Kelalaian dapat melibatkan kelupaan. Karena tidak sempat berpikir jernih, semuanya dapat terjadi di saat jalan keluar dari permasalahan akibat kelalaian yang pada akhirnya hanya tinggal penyesalan setelah kelupaan merenggutnya. Sintaksis kekerasan pikiran seiring dengan sintaksis kelalaian. Disitulah alur pergerakan pengemudi dan Ayah terjatuh dalam kelalaian dimulai dan diakhiri dengan ‘pikiran dari luar’ diri kita.

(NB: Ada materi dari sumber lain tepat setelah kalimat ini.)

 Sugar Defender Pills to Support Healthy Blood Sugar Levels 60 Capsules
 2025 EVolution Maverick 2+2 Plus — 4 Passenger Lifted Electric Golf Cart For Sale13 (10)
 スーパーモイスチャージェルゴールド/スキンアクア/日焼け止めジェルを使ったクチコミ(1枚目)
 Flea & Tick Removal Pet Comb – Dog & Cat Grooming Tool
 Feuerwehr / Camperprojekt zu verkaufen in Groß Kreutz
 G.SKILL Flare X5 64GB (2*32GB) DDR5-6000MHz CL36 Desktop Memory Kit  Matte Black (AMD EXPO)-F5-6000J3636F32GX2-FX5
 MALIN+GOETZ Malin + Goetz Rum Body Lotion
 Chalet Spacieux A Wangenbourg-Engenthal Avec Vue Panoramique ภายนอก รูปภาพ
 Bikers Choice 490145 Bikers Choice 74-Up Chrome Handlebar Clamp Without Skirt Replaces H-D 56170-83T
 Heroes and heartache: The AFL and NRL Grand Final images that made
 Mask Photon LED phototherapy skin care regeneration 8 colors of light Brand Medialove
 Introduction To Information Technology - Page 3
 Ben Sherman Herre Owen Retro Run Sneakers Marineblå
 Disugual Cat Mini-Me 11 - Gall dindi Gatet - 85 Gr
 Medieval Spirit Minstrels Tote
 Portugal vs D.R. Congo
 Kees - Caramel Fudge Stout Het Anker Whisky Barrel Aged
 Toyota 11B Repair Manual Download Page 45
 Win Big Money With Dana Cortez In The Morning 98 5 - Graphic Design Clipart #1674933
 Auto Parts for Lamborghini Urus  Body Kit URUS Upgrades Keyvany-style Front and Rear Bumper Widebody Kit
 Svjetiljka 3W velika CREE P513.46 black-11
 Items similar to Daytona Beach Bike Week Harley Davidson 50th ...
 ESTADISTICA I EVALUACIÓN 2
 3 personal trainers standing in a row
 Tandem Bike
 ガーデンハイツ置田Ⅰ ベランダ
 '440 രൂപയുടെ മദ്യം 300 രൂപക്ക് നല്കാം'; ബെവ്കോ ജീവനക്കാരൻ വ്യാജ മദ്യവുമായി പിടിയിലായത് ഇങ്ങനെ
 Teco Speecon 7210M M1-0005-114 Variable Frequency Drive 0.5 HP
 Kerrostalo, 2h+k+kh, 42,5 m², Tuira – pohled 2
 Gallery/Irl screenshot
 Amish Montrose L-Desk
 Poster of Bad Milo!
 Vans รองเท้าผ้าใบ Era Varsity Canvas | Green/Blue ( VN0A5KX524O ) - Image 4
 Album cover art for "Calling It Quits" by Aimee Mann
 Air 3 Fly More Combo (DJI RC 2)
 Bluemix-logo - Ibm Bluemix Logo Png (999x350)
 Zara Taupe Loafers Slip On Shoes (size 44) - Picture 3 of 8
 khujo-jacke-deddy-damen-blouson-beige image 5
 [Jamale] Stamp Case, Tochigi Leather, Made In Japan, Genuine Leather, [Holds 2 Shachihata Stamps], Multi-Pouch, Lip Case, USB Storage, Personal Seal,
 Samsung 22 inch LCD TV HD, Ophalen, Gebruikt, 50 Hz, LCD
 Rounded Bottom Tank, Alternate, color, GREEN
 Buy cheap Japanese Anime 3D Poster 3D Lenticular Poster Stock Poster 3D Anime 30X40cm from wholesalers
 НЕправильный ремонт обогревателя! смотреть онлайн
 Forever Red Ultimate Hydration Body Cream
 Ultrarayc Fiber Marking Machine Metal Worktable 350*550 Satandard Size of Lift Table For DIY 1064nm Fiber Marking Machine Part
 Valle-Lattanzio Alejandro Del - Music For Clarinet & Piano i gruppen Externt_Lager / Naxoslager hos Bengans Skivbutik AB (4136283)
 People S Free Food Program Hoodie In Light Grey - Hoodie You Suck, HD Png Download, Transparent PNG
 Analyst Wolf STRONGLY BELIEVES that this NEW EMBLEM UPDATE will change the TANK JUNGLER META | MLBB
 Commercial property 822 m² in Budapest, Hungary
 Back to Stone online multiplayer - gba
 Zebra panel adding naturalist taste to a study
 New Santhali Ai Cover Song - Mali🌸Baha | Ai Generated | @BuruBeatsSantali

Pengulangan kesalahan yang sama dari hari ke hari, dari tahun ke tahun sebagai akibat dari kelalaian yang tidak terpikirkan berubah menjadi daya tarik terhadap kelalaian. Seseorang tidak berpikir, bahwa akibat tidak menyelesaikan suatu kegiatan dianggap kecil ternyata berdampak besar pada nasib hidup manusia secara keseluruhan. Apa yang pernah orang memikirkan proses kegiatan sesungguhnya tidak terpikirkan. Kelalaian semacam itulah merupakan akhir dari gairah dalam senyap, runtuhnya ketekunan dan keteguhan untuk melawan segala rintangan.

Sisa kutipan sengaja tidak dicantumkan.